- Supreme Court of the United States

Decided June 23, 1987
- Full case name: American Trucking Ass'ns v. Scheiner
- Citations: 483 U.S. 266 (more)

Holding
- A state tax on using motor vehicles on the highway is unconstitutional when the amount of the tax is not calculated to be proportional to highway use and when the tax treats in-state and out-of-state road users differently.

Court membership
- Chief Justice William Rehnquist Associate Justices William J. Brennan Jr. · Byron White Thurgood Marshall · Harry Blackmun Lewis F. Powell Jr. · John P. Stevens Sandra Day O'Connor · Antonin Scalia

Case opinions
- Majority: Stevens
- Dissent: O'Connor, joined by Rehnquist, Powell
- Dissent: Scalia, joined by Rehnquist

Laws applied
- Commerce Clause, Dormant Commerce Clause

= American Trucking Ass'ns v.

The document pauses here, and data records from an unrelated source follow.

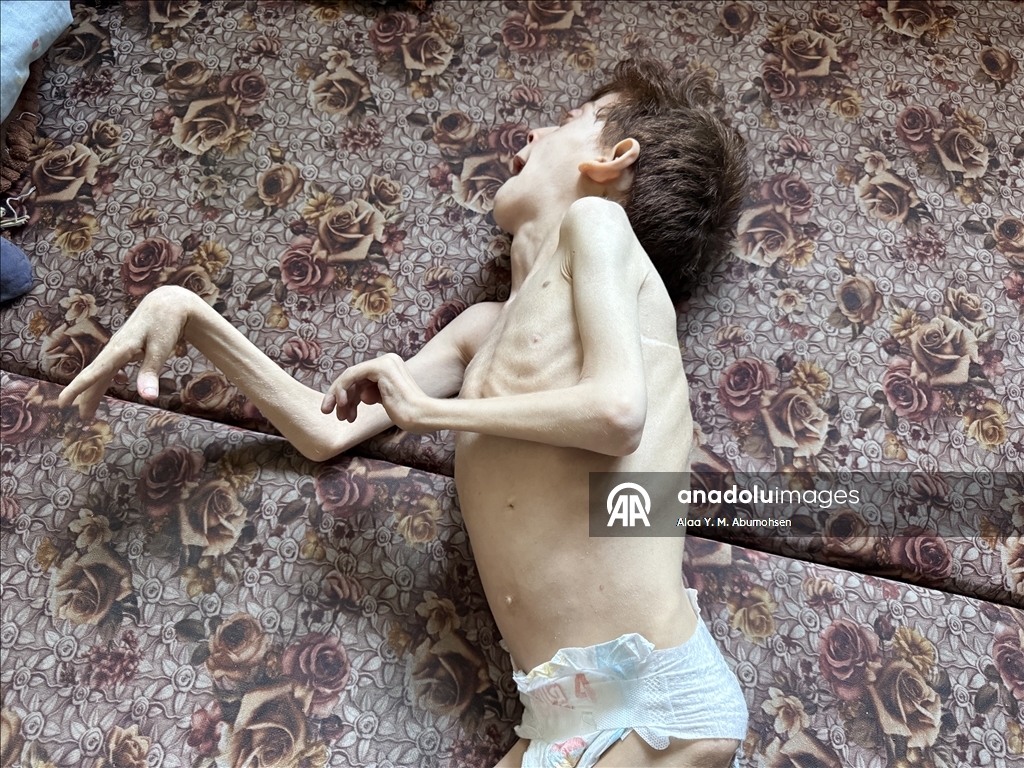 İsrail'in Gazze Şeridi'nde yaptığı soykırımın 2. yılında Filistinlilerin açlıkla mücadelesi sürüyor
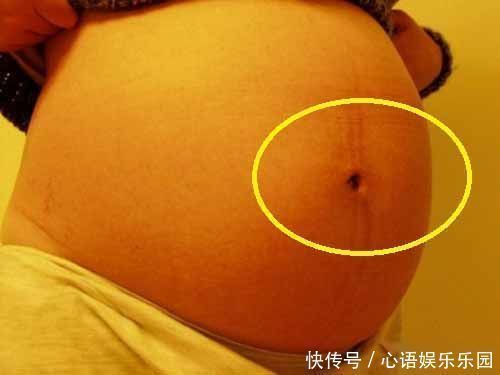 眼儿|女性怀孕后,肚脐眼是凸起是凹进,受3个因素影响,别轻易忽视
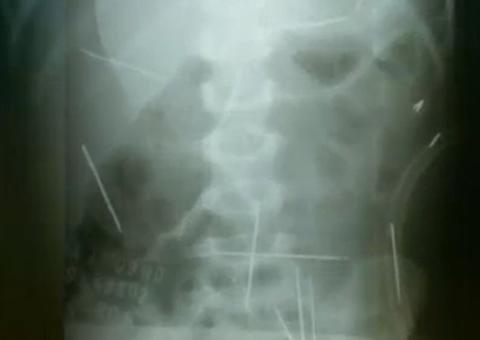 Após 9 anos, menino ainda convive com 4 agulhas dentro do corpo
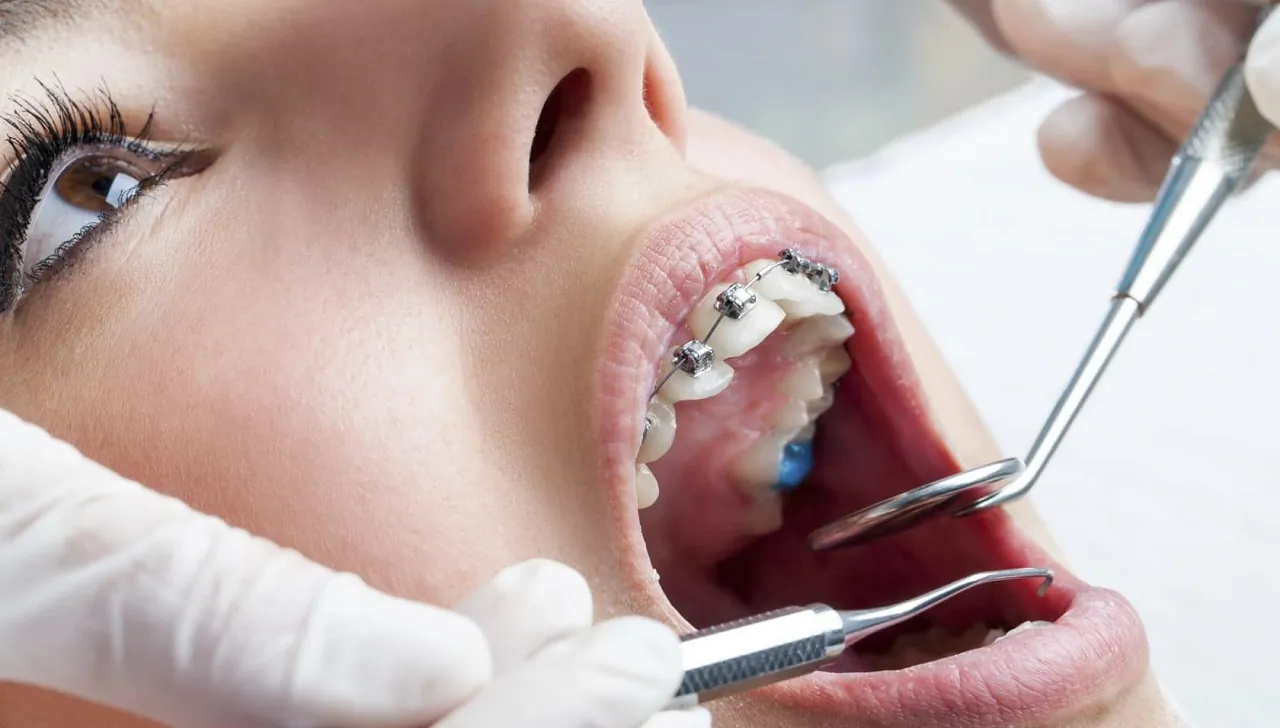 Niềng răng mất bao nhiêu tiền? Mẹo để niềng răng tiết kiệm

Scheiner =

American Trucking Associations, Inc. v. Scheiner, 483 U.S. 266 (1987), was a United States Supreme Court case in which the Court held that a state tax on using motor vehicles on the highway is unconstitutional when the amount of the tax is not calculated to be proportional to highway use and when the tax treats in-state and out-of-state road users differently.

== Aftermath ==
The Supreme Court remanded the case to the Arkansas Supreme Court. While the case remained pending, the state of Arkansas began holding the collected taxes in escrow on the order of Circuit Justice Harry Blackmun. The Arkansas Supreme Court then reconsidered the tax in light of Scheiner and ruled it unconstitutional. However, the court declined to order refunds for taxes paid before the August escrow order, saying Scheiner could not be applied retroactively. The court nevertheless determined that the tax money paid into escrow after the August order should be refunded. In American Trucking Associations, Inc. v. Smith, the Supreme Court allowed that decision to stand.